The only thing that’s kept me alive so far is that Armand doesn’t know I am. If you didn’t follow that, it’s like this: I’m pretending to be a zombie. So Armand and the rest of the zombies don’t know I’m alive. Literally.
They shut down the school, of course, after than nasty incident in the AP class. A dozen zombies broke in and went after the top students. Lucky for me, I’d gone to the bathroom and missed the carnage, but they got a couple of my best friends. Anyway, after that the school said they couldn’t be responsible and shut down.
Now most people lock themselves in their houses from sunset to sunrise, and only go out in the day if they have to, because not all the zombies avoid the sun, and cloudy days are always chancy. Everyone sits around watching TV or cat videos on You Tube, which to me is just a long slow way of becoming a zombie. I could only stand it for about a day and half, and then I had to come up with a way to get out.
That was when I realized that zombies only attack the living, not the living dead. They wander around together all the time and never try to suck each others’ brains. If I could learn to look like a zombie, I could go where I liked, night or day. I found my sister’s makeup and practiced for a week before I felt confident, and then I started venturing out.
Of course, the first thing I did was go look for Armand, and I found him with a troop of zombies, wandering around looking for “braiiiiins.”
The movies all show the living dead as half-decayed, hideous things. But the thing is, the virus doesn’t ruin their bodies, only their minds. They’re dead, but the virus keeps the body going. So Armand looks just the way he always did, and I can’t get over that. I started hanging out with his gang just to be close to that gorgeous bod, even though I knew that if they figured out I’m alive I’d be dead.
The hardest part is to remember not to say anything but “Braiiins!” and to fade away discreetly when they find a victim. The first time I saw them attack someone, I barely managed to get out of sight before I puked. That would be a dead giveaway, and I can’t risk it happening again.

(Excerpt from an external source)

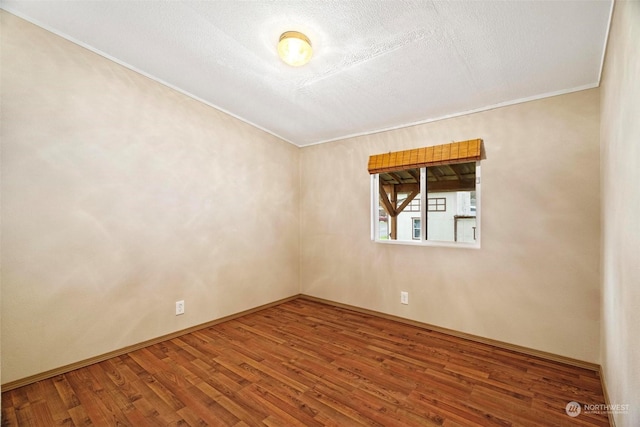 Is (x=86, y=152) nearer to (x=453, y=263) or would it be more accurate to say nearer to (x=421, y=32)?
(x=421, y=32)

I still really, really want to suck face with Armand, but…I’m pretty sure that he only wants to suck brains. And anyway, he doesn’t know I’m alive, which is just what it’s been like since sixth grade. At least I can look at him, and sometimes I manage to rub up against him, pretending it’s just the jostling of the crowd. There don’t seem to be any more zombies forming in our town, but the crowd around Armand keeps getting bigger, which makes it hard to stay close to him, but also gives me an excuse to touch him when I do get close. Zombies seem to like company, even though they’re lousy conversationalists.

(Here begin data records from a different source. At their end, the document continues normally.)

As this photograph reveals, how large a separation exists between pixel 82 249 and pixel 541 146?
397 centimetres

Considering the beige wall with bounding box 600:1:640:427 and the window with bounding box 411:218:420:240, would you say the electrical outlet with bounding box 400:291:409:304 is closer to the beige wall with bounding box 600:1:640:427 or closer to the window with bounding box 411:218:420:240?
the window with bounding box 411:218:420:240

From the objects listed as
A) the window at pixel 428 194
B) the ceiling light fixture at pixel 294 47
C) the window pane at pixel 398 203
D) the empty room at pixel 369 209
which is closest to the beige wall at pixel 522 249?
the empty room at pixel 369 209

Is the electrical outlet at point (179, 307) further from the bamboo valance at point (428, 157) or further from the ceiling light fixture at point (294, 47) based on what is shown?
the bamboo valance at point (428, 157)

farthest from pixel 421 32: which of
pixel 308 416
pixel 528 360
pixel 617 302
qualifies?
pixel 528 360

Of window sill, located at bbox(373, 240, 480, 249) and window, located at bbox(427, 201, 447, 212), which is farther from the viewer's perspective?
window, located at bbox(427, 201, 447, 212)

My patience finally paid off after a couple of weeks. He spoke to me! Armand turned and looked right at me and said “Brains!” Just to me. I went so weak in the knees I almost forgot to be a zombie. I’ve been waiting for him to see me, really see me, since middle school. I wanted to reach out and hold his hand, but I’ve noticed that zombies don’t do that. I’m trying really hard to fit in, and it’s working better than it did when I tried to join him at the jocks’ table in the lunchroom in 9th grade.
So there I am. I’m spending all my time with the most beautiful boy in the school, and he doesn’t even know I’m alive. And I have to be glad about that.
When you’re in love with a zombie, it really is best if he doesn’t know you’re alive.
I'm In Love With A Zombie But He Doesn’t Even Know I’m Alive
Look, I’ve been crushing on Armand since the sixth grade. We’re graduating next spring, so that’s pretty much a whole lifetime, in teen years. He’s never liked me back, of course. Why should the cutest guy in the school pay any attention to a geek with pimples? Even if I do have the best brains in our class. Plus I don’t even know if he likes boys.
So I guess I have the best brains except when it comes to crushing on beautiful boys with no brains and 17 girlfriends. I have to admit that’s pretty stupid.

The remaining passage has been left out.